Je n’ai pas de kit de survie et ça va très bien, merci

« Je pensais avoir l’exclusivité sur ce slogan mais l’ancien Premier ministre Alexander De Croo me l’a chipé durant la crise sanitaire », se remémore-t-il. « Deux ans après le lancement de mon spectacle, les bunkers ont pris vie mais sous une autre forme : il s’agissait d’appartements ou de maisons dans lesquels les gens se sont retrouvés confinés. »

Cette semaine, les sorties médiatiques de Bernard Quintin (MR) promouvant le kit d’urgence de 72 heures ont enfoncé le clou. Dans le cadre de la campagne « Prêts. Ensemble », le ministre de l’Intérieur a invité les citoyens à se constituer un kit comprenant notamment une bouteille d’eau, des conserves, un couteau suisse, une lampe dynamo, un sifflet.

Le kit d’urgence de la Belgique vu par un survivaliste : « C’est ridicule, je ne prends pas le quart »

Pour Alexandre Dewez, c’est trop. « La réalité a dépassé la fiction. Ce kit de 72 heures, je l’ai promu ironiquement durant mon spectacle. Mon personnage lui ressemble trop. Mon spectacle est devenu tellement réaliste qu’il n’en a plus rien du second degré. J’ai décidé de faire encore une représentation puis j’arrête. »

« La peur devient un produit »

Sur le fond, ce qui a fait sursauter le comédien, ce n’est pas tant l’annonce du kit que l’absence de tout dispositif pour le distribuer. « On propose un kit mais sans le distribuer à la population… Dès lors, la charge est mise sur les individus qui doivent se débrouiller pour se le procurer s’ils le désirent, ou miser sur une vente dans les grandes surfaces.

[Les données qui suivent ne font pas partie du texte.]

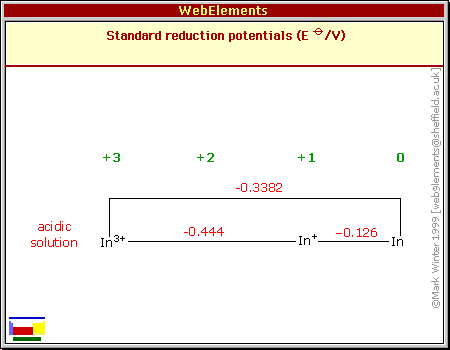 Standard reduction potentials of In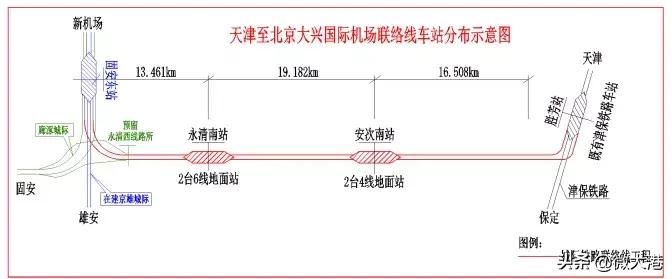 天津滨海机场到大兴机场怎么走,天津到北京大兴机场最佳路线图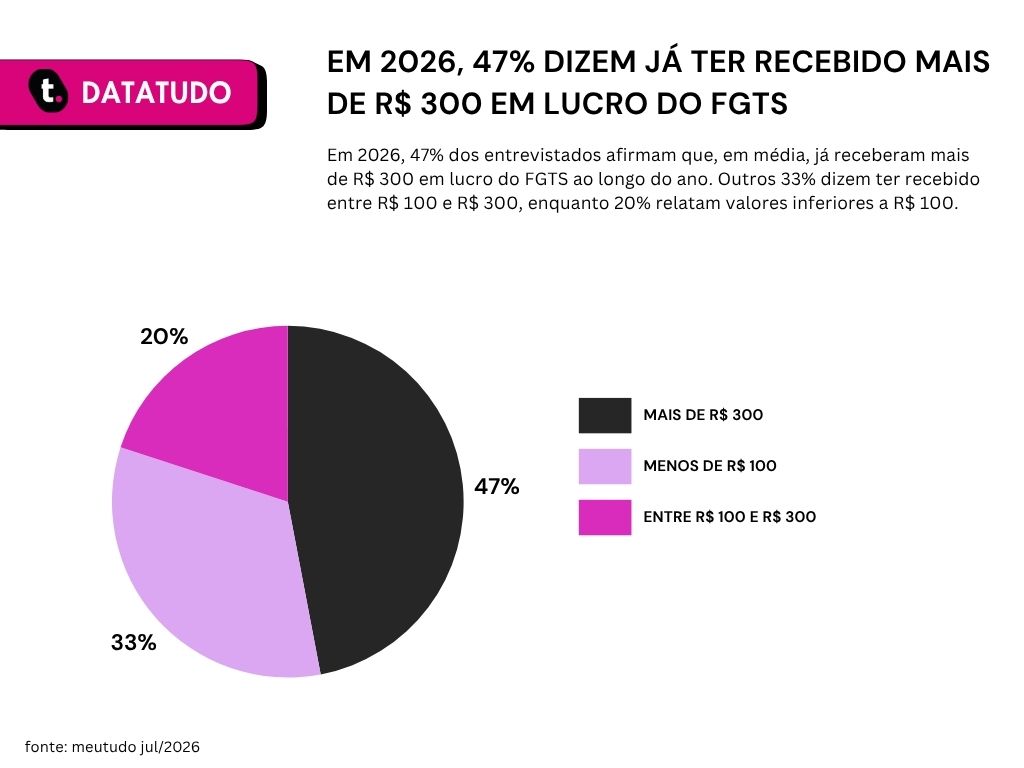 Gráfico de pesquisa sobre lucro do FGTS em 2025 da Meutudo.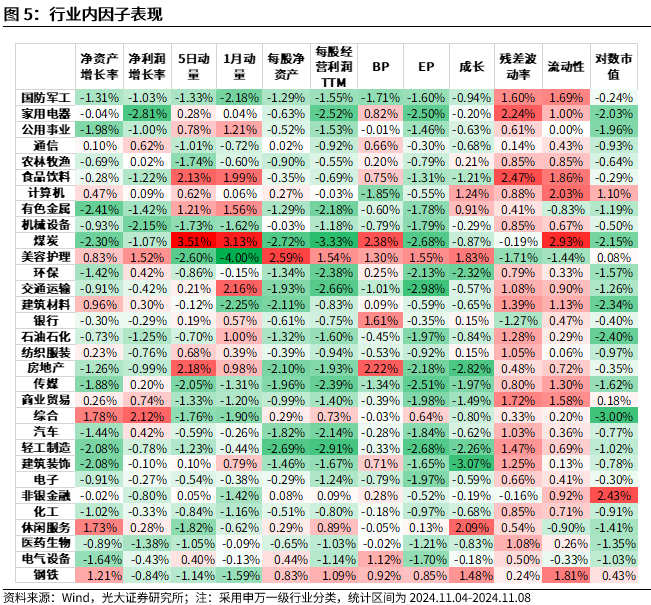 【光大金工】机构调研选股策略超额收益显著——量化组合跟踪周报20241109  第5张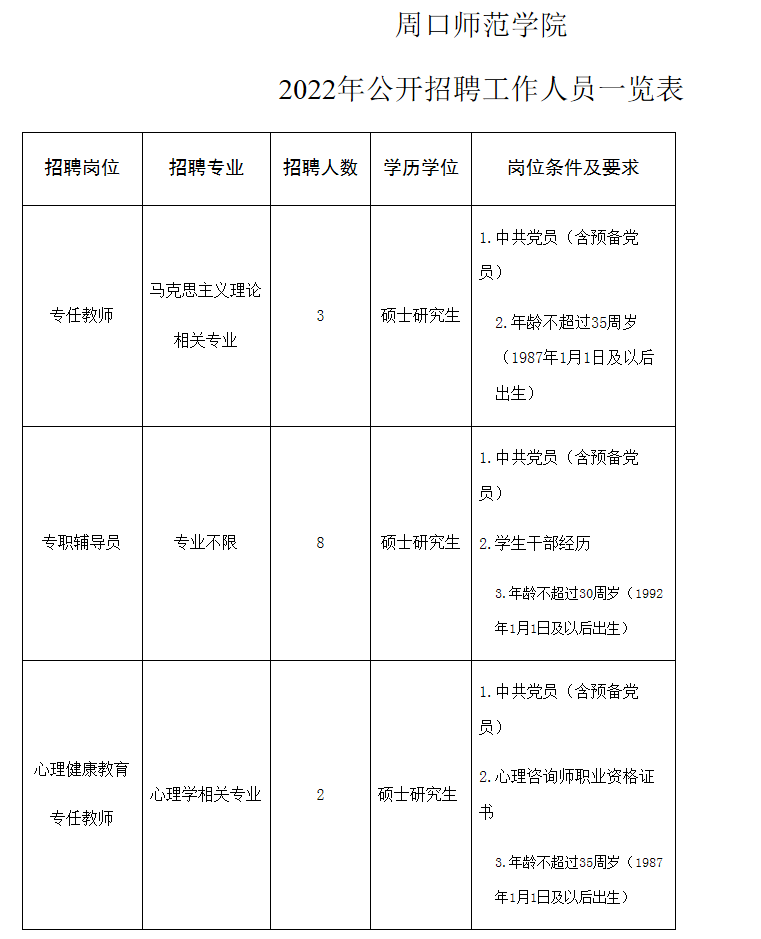 周口师范学院.PNG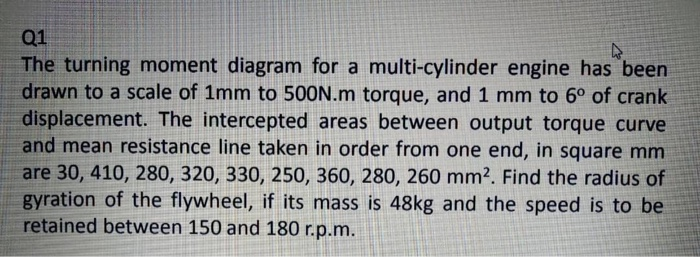 Solved Q1 The turning moment diagram for a multi-cylinder | Chegg.com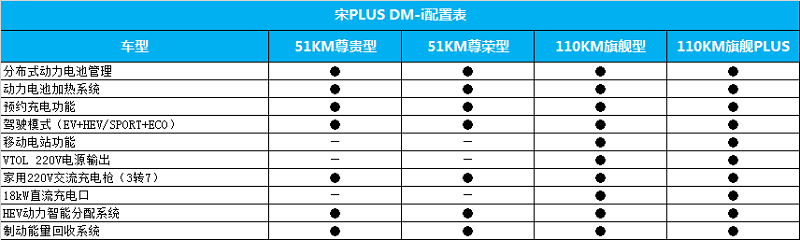 配置更加全面 比亚迪宋plus dm-i部分配置信息曝光 预售价15.38万起
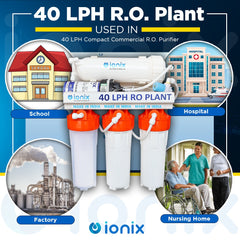 Ionix 40 LPH Compact Commercial RO Purifier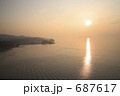 プユニ岬夕日展望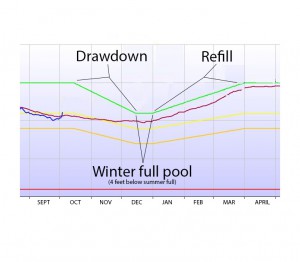 The graphic shows the three stages of the winter drawdown: drawdown, stabilization and refill. 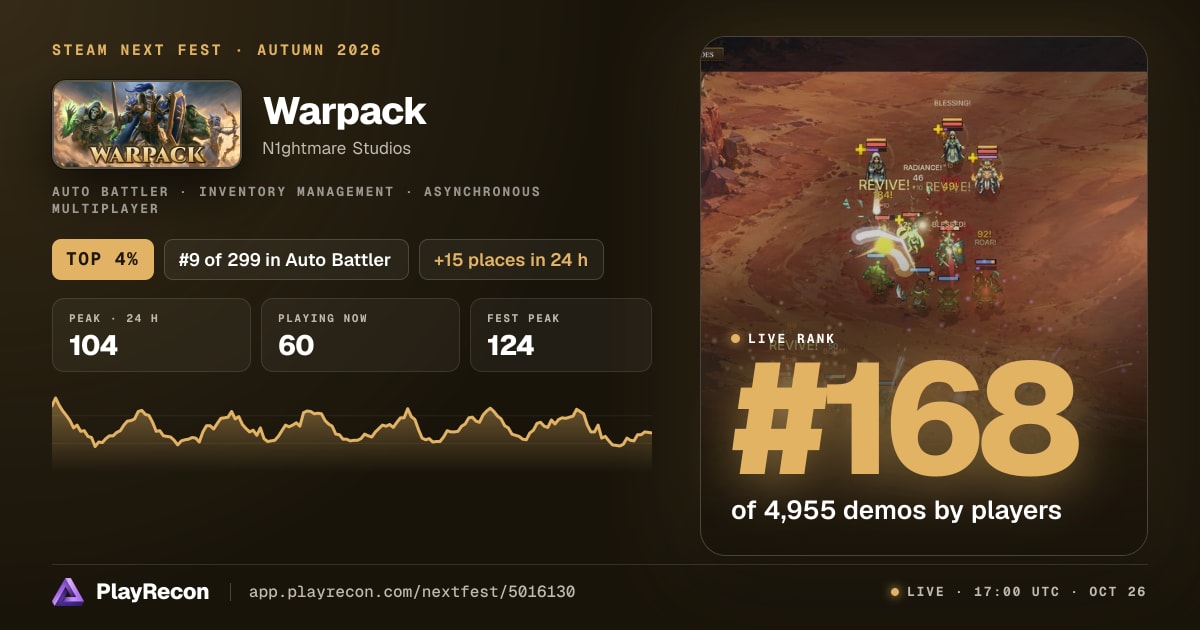 Warpack in Steam Next Fest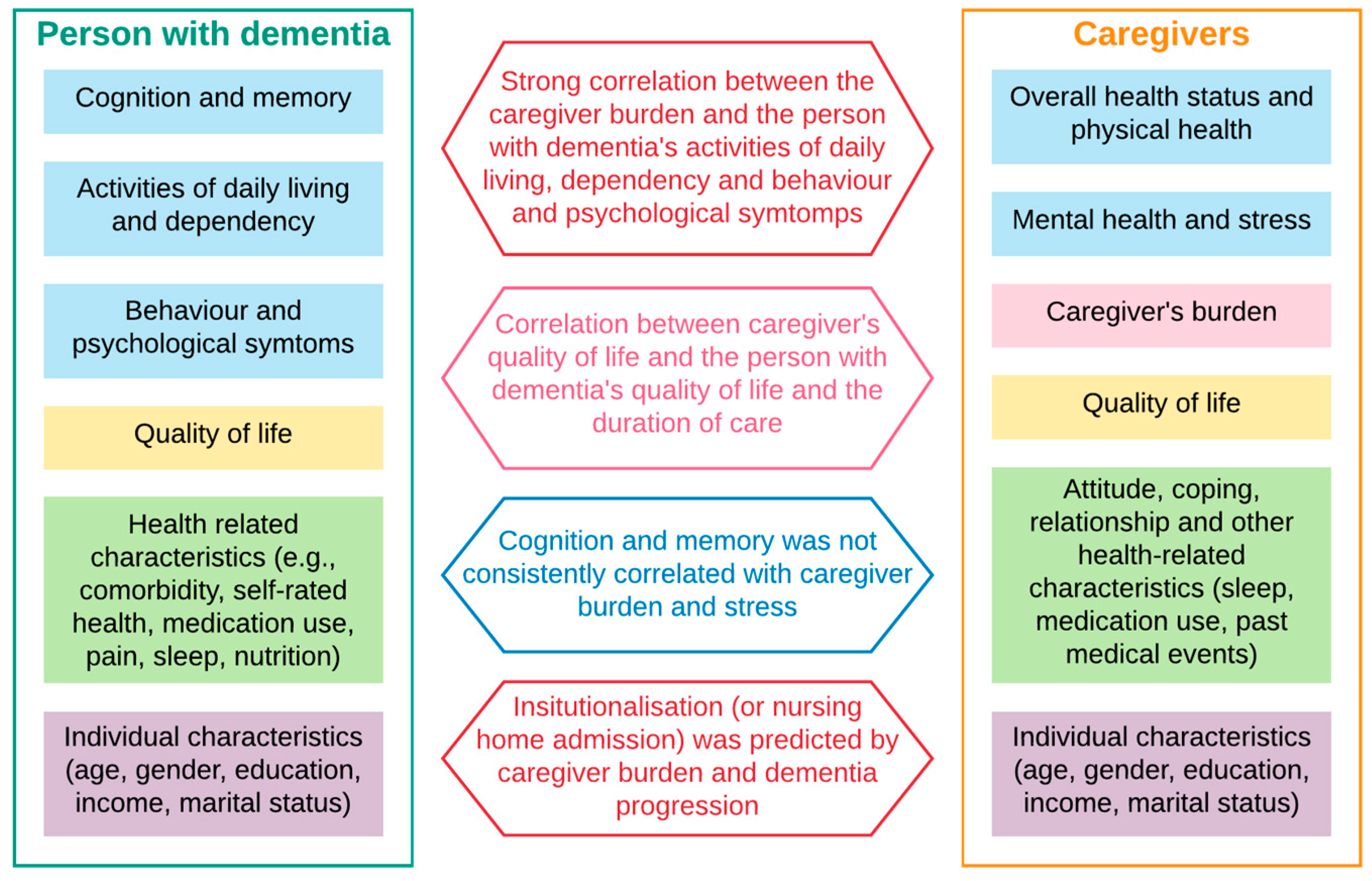 Healthcare 09 00044 g002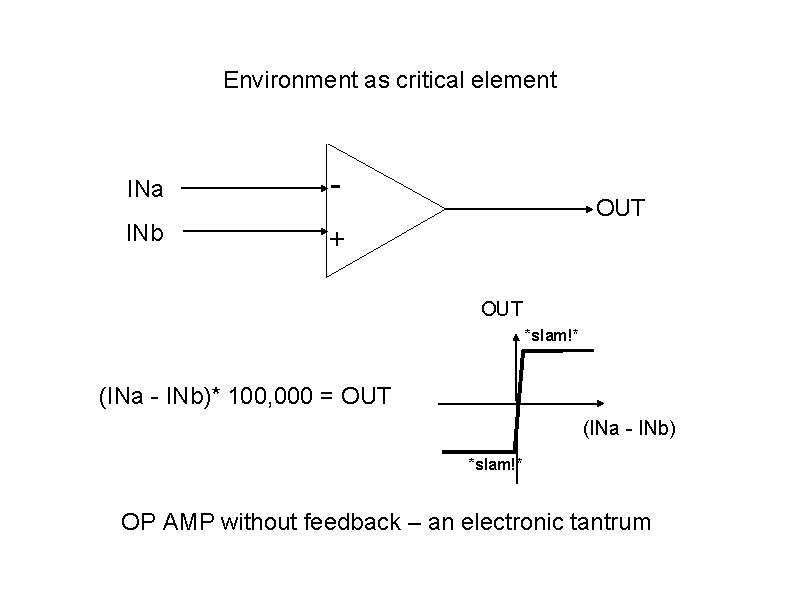 Environment as critical element INa - INb + OUT *slam!* (INa - INb)* 100,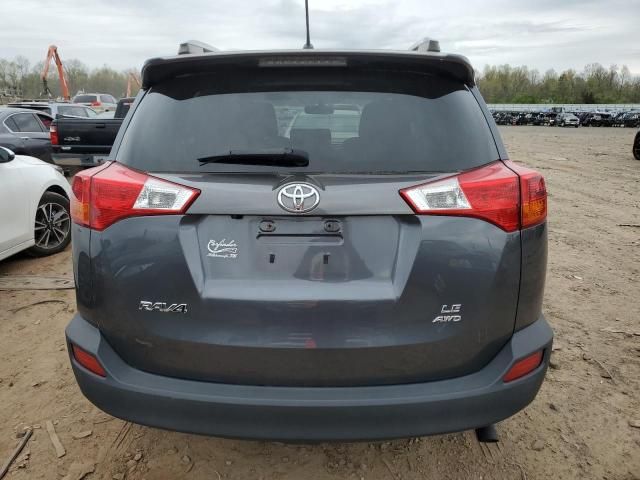 2015 Toyota Rav4 LE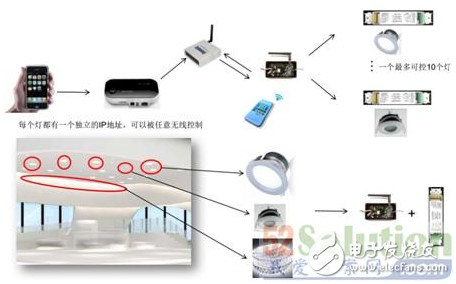 NXP的ZigBee智能照明方案是如何构成的？,NXP的ZigBee智能照明方案是如何构成的？,第4张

C’est purement et simplement une marchandisation de la catastrophe. La peur devient un produit », dit-il.

Bernard Quintin, interrogé à la RTBF, avait en effet indiqué que l’idée que l’État doive tout fournir n’était « pas sa philosophie politique ». « Le gouvernement annonce la menace, dresse la liste de courses mais c’est aux citoyens de payer leurs kits. C’est une manière de dire qu’on aura été prévenu si jamais quelque chose arrive », observe Alexandre Dewez pour qui il aurait été préférable de communiquer sur des mesures fortes visant à anticiper les catastrophes à venir plutôt que de proposer ce kit sans accompagnement concret.

Pour rappel, ce kit a été lancé dans le cadre d’une campagne menée avec le centre de crise national. Depuis, les réactions n’ont cessé d’affluer. Certains estiment que cette annonce crée une panique inutile dans la société tandis que pour d’autres, il s’agit d’une mesure classique de gestion des risques, comparable aux plans d’évacuation en cas d’incendie ou aux trousses de premiers secours.